**What you have to do**
When you return the material, keep every line exactly as it is and omit the pictures.

*** Given material ***

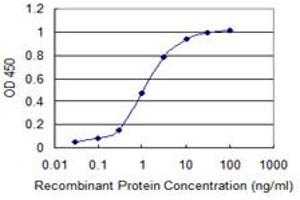 Detection limit for recombinant GST tagged LMTK3 is 0. (LMTK3 抗体  (AA 1151-1250))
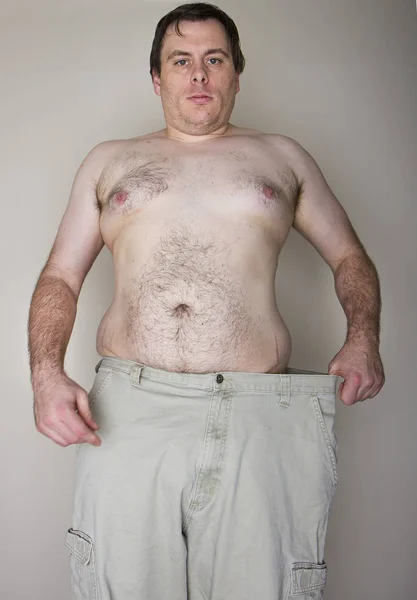 どのくらいの重量を示す側面彼のズボンを保持している太りすぎの男を見失っています — ストック写真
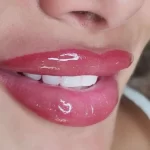 How to Reduce Swelling After Lip Tinting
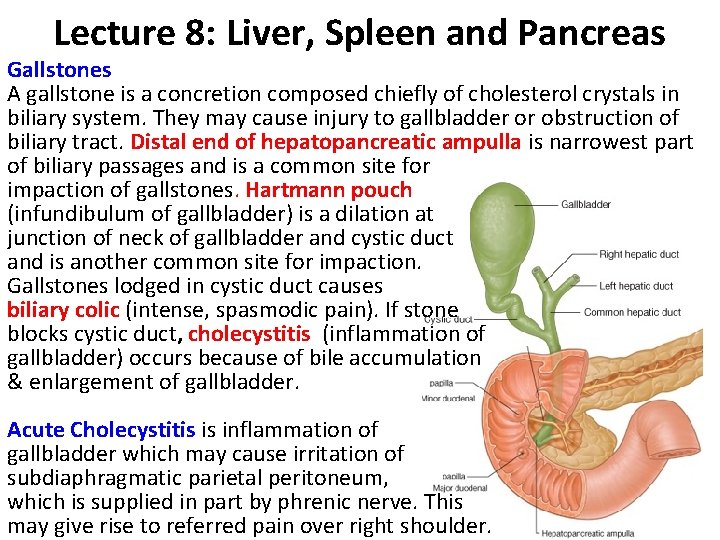 Lecture 8: Liver, Spleen and Pancreas Gallstones A gallstone is a concretion composed chiefly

*** End of Given material ***

**Task solution**
 Detection limit for recombinant GST tagged LMTK3 is 0. (LMTK3 抗体  (AA 1151-1250))
 どのくらいの重量を示す側面彼のズボンを保持している太りすぎの男を見失っています — ストック写真
 How to Reduce Swelling After Lip Tinting
 Lecture 8: Liver, Spleen and Pancreas Gallstones A gallstone is a concretion composed chiefly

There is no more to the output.